青藏高原变形强烈、方式多样、动力复杂，迄今其隆升状态不清，构造演化的运动学模式和驱动机制存疑，板块构造理论对大陆变形的适用性意见不一。本项目以藏中南及喜马拉雅为重点，以现今地壳变动观测为基础，研究弥散型大陆碰撞边界带变形时空过程、构造样式与成因机制。课题围绕青藏现今变形图像及其活动地块边界这两个核心问题，科学目标是实现实测位移场优化升级，以此揭示喜马拉雅挤压增厚变形转换为藏中南的拉张减薄变形的内在联系。研究内容涵盖地表三维位移场合成，活动地块运动模型构建，以及板块边界断层地震变形模拟。研究依托国家重大科学基础设施“中国大陆构造环境监测网络”，以GPS、InSAR和卫星重力为技术支撑，通过多种数据联合反演揭示活动地块几何、运动特征，通过时变过程限定介质的流变性，分析地震危险性，引领“中国大陆构造环境监测网络”运行和发展。

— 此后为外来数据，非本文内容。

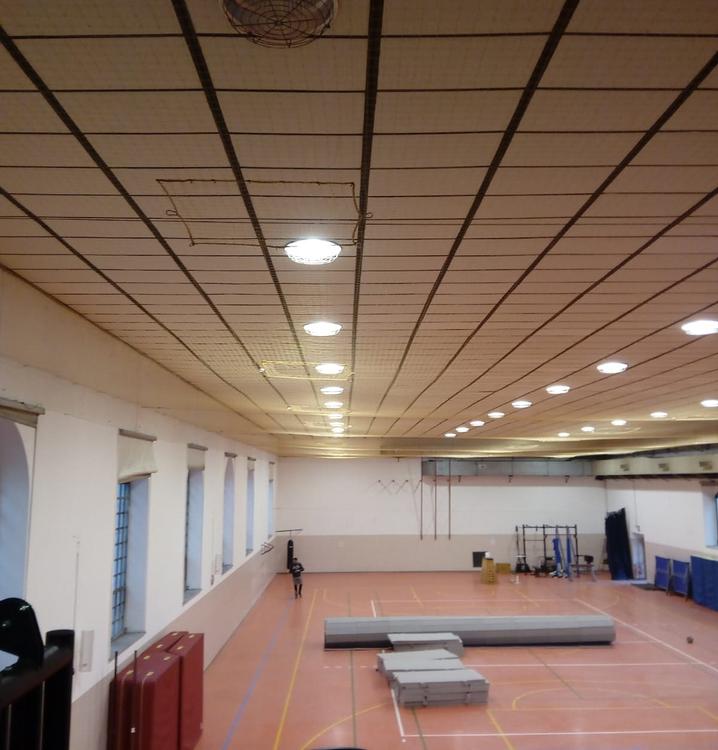 Protezione controsoffittatura palestra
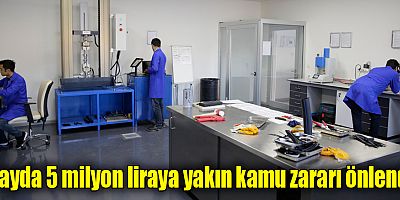 Yapı Malzemesi Laboratuvarı Kamu Zararına ‘Dur’ diyor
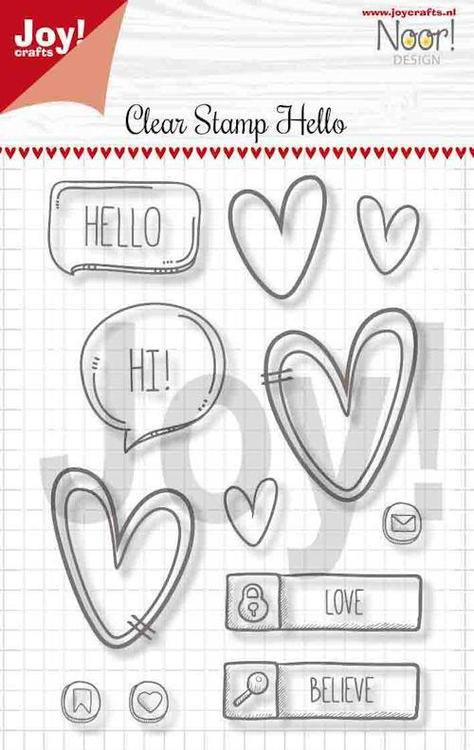 joy! clear stamp - Hello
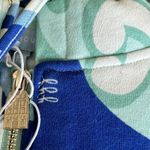 Hill House The Allie Zip Up Hoodie Womens Small Ocean Kaleidoscope Blue Photo 14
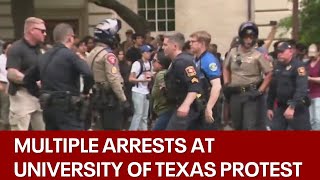 University of Texas Palestine protest leads to 20+ arrests, including FOX 7 photographer | FOX 7 Aus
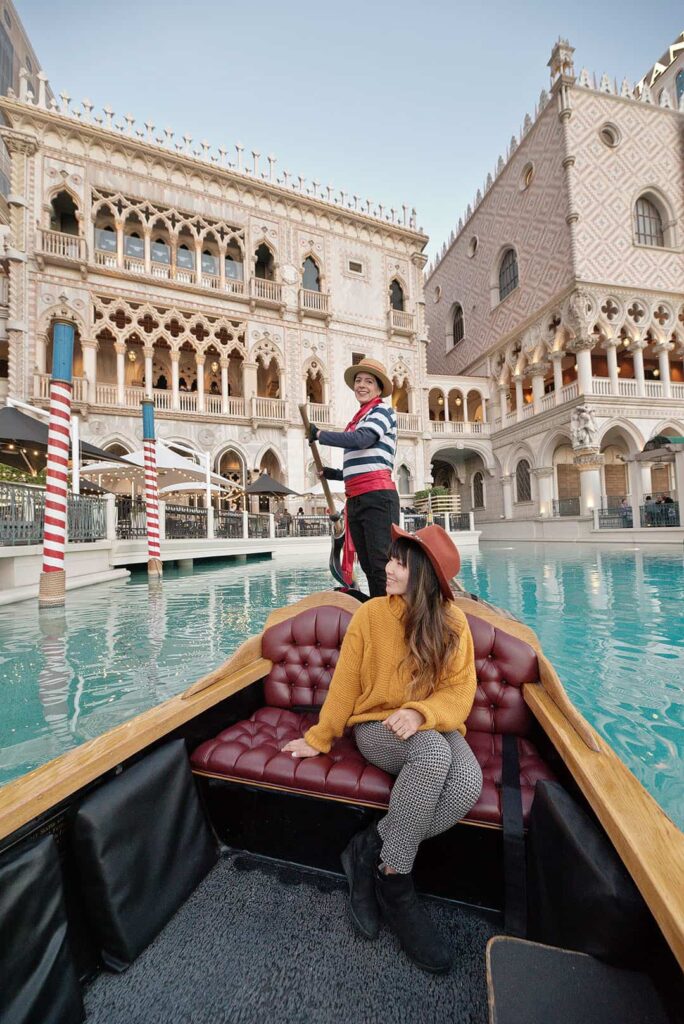 Gondola Ride at the Venetian Hotel and Casino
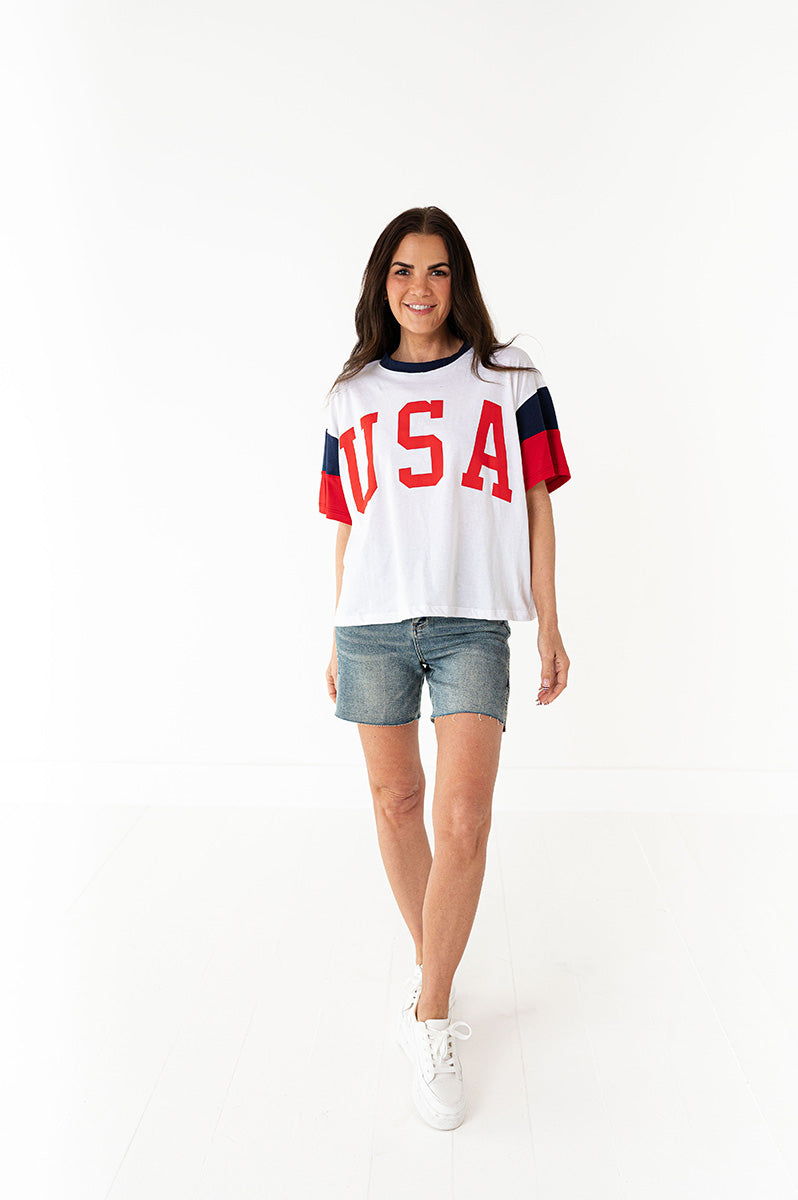 "USA" Graphic Tee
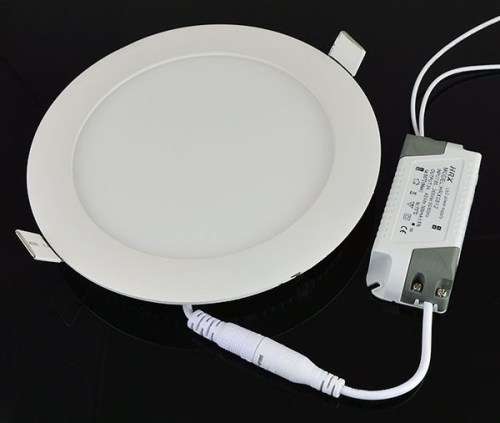 12w Recessed LED Ceiling Panel Light - Round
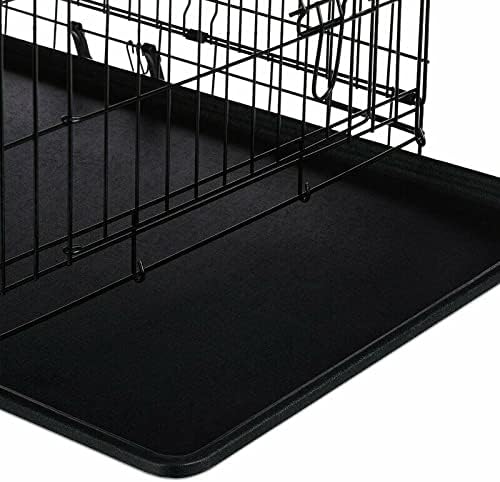 Two-DoorFoldingMetalDogCrate_RemovableTray_CarryHandle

青藏高原具有变形强烈、动力复杂、方式多样特点，在大陆构造研究中占有显著地位，迄今其运动学模式存在重大争议，构造演化的动力机制也认识不足。本项目以藏中南及喜马拉雅地区为重点，以现今地壳变动观测为约束，研究弥散型大陆碰撞边界带变形的时空过程，探讨高原边缘地壳挤压增厚与高原腹地伸展减薄变形的构造样式与成因机制。项目通过加密GPS流动站点并与InSAR变形观测图像融合，优化了藏中南地区现今三维位移场。在此基础上构建青藏高原活动地块的运动模型，基于震间变形的精密水准、InSAR和GPS三维速度，以及2015年尼泊尔特大地震的同震变形，发展了喜马拉雅中段主冲断层的应变模型，约束印度板块挤入西藏的板块边界几何以及断层闭锁分布。 .项目研究在三个方面取得进展: 1）将区域内二维水平形变场升级为三维形变场，形变场的空间分辨率有了明显提升，揭示出不少前所未见的细节特征，为区域变形运动学模型提供更好的约束条件，为深部动力过程研究提供了新思路。 2）基于20年GPS观测的时间序列分析，揭示青藏高原中部现今坍陷、喜马拉雅、喀喇昆仑隆起，而阿尔金祁连山一带保持均衡板块边界的动力驱动仅限与喜马拉雅、藏南一带，青藏中部的变形是由重力驱动，并传到高原东部，导致祁连山，龙门山一带挤压隆升。3）印度板块可能仅延伸到雅鲁藏布缝合一带，且存在一条与板块边界断层平行、近水平的浅部分支断层，与喜马拉雅主冲断层深部滑脱层协同调节印度-欧亚板块的碰撞变形，导致喜马拉雅和藏南地壳增厚。